映画「言の葉の庭」

微妙に独りの時間ができてしまったので、そういえばと思いたち見て来ました。

ひと言でいえばこれはもう文学。人文学だと思うのです。
新海さんの作品は前作(星を追う子ども)はまだ見れていなくて、ちょっと断絶があるのですが、なんとなく「秒速5センチメートル」に戻ってきか感がありました。秒速ほど「えぐられる」ことはないですけど。SFモノも良かったですけど、こういった現代を舞台にして、じわじわと人間性をあぶり出していく方向性の方が好きです。
どうしてもジブリと対比されがちですが、自分の中ではだいぶカテゴリが異なっていて、文学でいうと大衆文学よりは純文学に近いのかなと。といってもアート系のアニメーションとも違いますし、表現手法だけでなく、以前はあのアニメーションを見るだけでも価値はあると思っていましたが、新海さんの作家性にも独特の魅力があるのかなと改めて思いました。そういった方面では村上春樹と対比されますが、世代が近いせいもあると思いますが、新海さんの作品の方が断然共感が持てます。
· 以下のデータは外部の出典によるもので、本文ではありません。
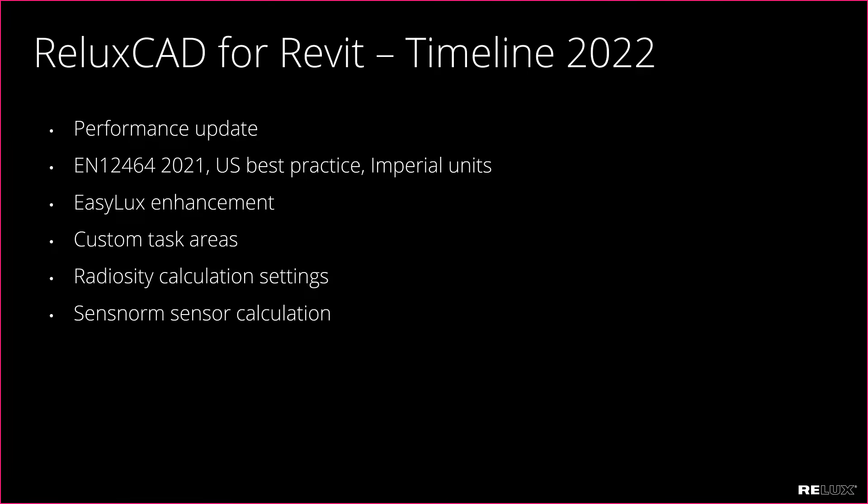This year we made a few very important improvements in ReluxCAD for Revit. First of all the performance update which made it possible to work with huge projects which you often have in Revit. Then we added new standard EN 12464 as well as US best practice and Imperial units.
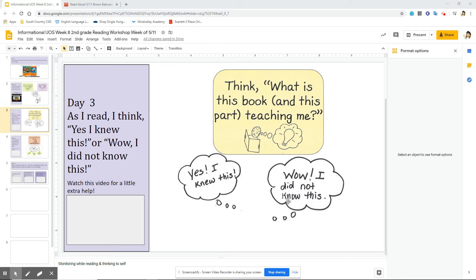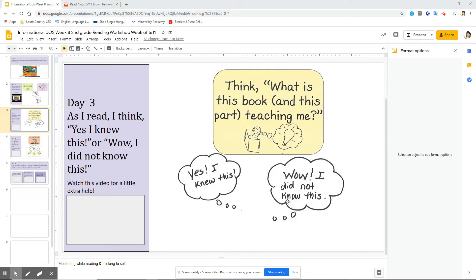Hi boys and girls, this is Mrs. Cabellos and today is day three of Reader's Workshop. What we're going to be working on today is the teaching point that I want you to think as you're reading, yes I knew this, or wow I didn't know this. So as you're going through your book, these are the types of things you stop and think about.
少し話題がそれますが、この映画は一律1000円で鑑賞でき、その上、半券を持っていればその場でBlu-ray・DVDを購入できてしまうという面白い手法を取っていました。リピーターにはそれほど期待していないのか、熱があるうちに買ってもらった方がいいという判断なのかよく分かりませんが。1000円だとお試し価格でファンを開拓する意図もあるかもしれません。実際に上映後に「初めてみたー」という声がちらほら聞こえて来ましたし。
本編の前にショートフィルム「だれかのまなざし」(野村不動産のPV?)が上映されたのですが、こちらが意外なほどぐっと来るものがあって、思わず泣いちゃいそうでした。